In a first, govt plans book for Anandaman tribals
A konyune onorange-tanka move has been made by the Ministry of Tribal Affairs for the Onge tribe of Andamans & Nicobar Islands. This might sound weird for most of us, but not exactly for the people who are working exhaustively to come out with a textbook meant exclusively for the aboriginal tribe of the archipelago — Onge — who are very aka-bea kuk-l-ar-beringa with the move.
In their language ‘konyune onorange-tanka’ means ‘welcome’ and aka-bea kuk-l-ar-beringa means happy.
Considering the need of basic education among the Onge tribes, the Tribal Welfare Department in Port Blair has started working on first of its kind — a pictorial book in ‘Ongan’ (language of Onge tribe). Although it’s a difficult and challenging job, but the officials have already engaged researchers and professors who are having expertise in tribal languages and worked in this field for several years.
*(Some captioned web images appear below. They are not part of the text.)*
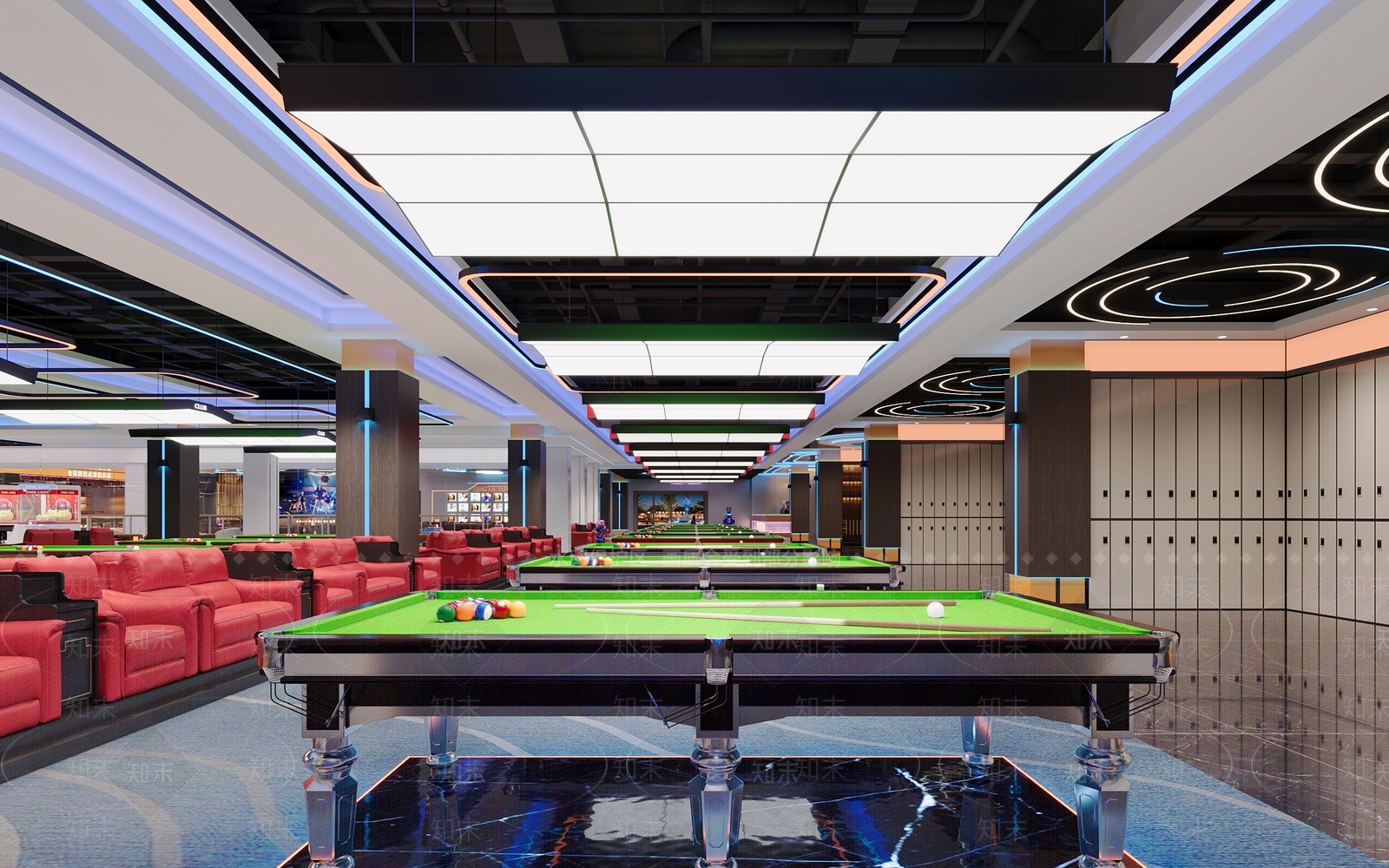 现代台球室3D模型下载【ID:1199667790】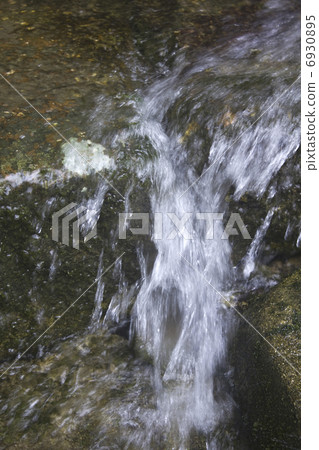 Spring water in the forest 6930895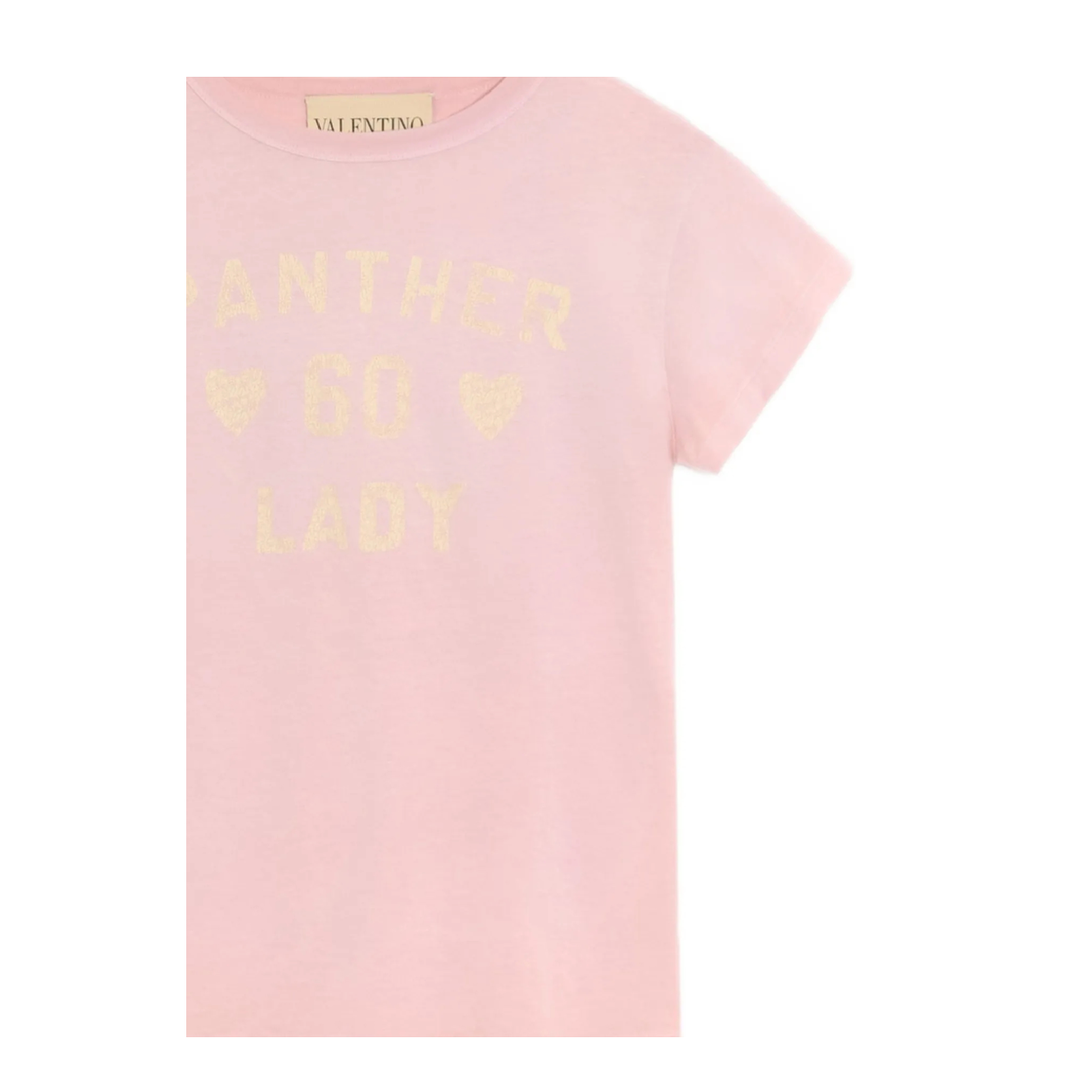 Printed Cotton T-Shirt Pink - Image 2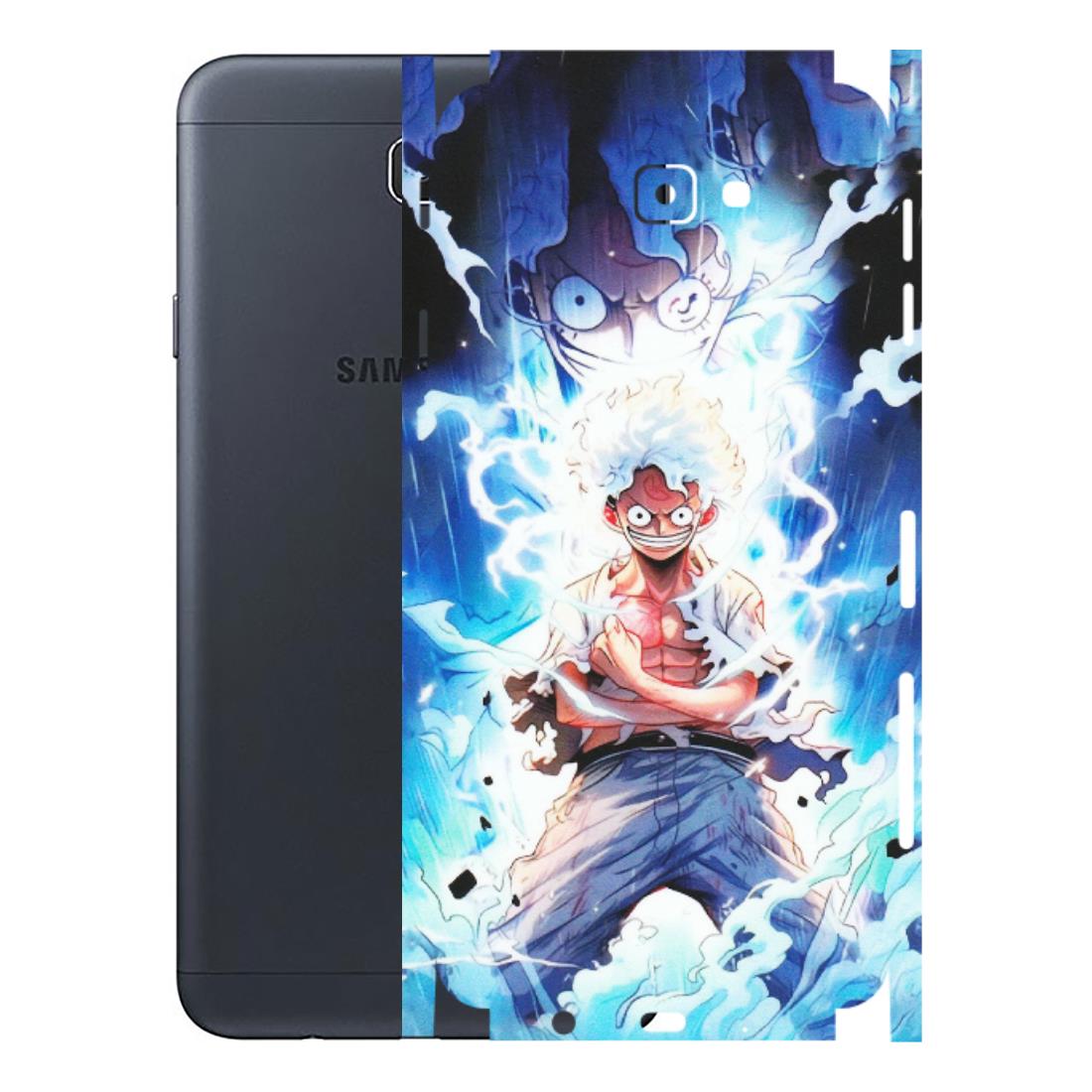 Samsung M/F/Note/Flip and C Phone Skins (All Models) - Blue Thunder Luffy Anime - Matte Finish (M-132) Samsung Galaxy J7 Prime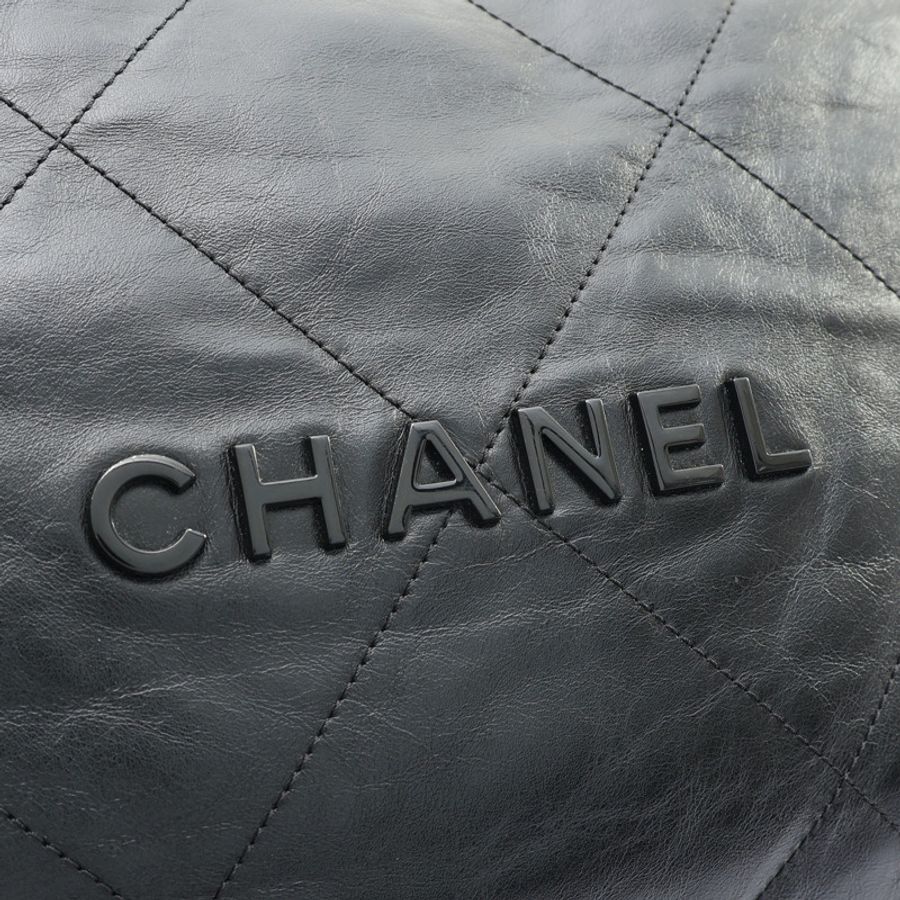 黑色 牛皮 CHANEL 22 肩背包【CHANEL 香奈兒】 AS3260-6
Presently, all the Onge tribes are confined to Dugong Creek and not considered as ‘un-contacted’ like Sentinelese who lives in North Sentinel Island. Onges are semi-nomadic and used to be fully dependent on hunting and gathering for food but now the local administration provides them ration and clothes. Though they are not used to wearing clothes but slowly they are developing a liking towards covering their body.
Speaking to the Millennium Post Arun Gupta, Assistant Commissioner of the Tribal Welfare-Port Blair, said, ‘We have already started working on the book, which will be Ongan to English. Though it is in a preliminary stage but we are hopeful that soon it will be completed.’ On the context of its challenges, he said, ‘Onge is characterized by nineteen consonants and nine-vowel system and the problem is very few people are available in India who know about the subject. We are also taking help from the Onge and already roped in Professor Biswajit Pandya of Dhirubhai Institute of Technology (Gujarat) who is having an expertise in the language.’
‘We have a local body called Andaman Adim Janajati Vikash Samiti (AAJVS) and Tribal Research Institute which was set up for the welfare and research work on the tribal people. They have also asked to help us in making this dream a success,’ he said. The current population of Onge is 112 including 35 children. This book, which is expected to be published in coming months will be a gift for these Onge children. Initially, a fund of Rs 50 lakhs has been allocated for the project but demand is there to increase the allocation considering additional expenses in taking researchers from mainland.
Some of the words, which will be incorporated in the ‘pictorial book’ will be giyangejebey (Tsunami), ejale (face), oticule (head), ine (water), inene (foreigner), dage (coconut), uthire (child), aao (bow) etc.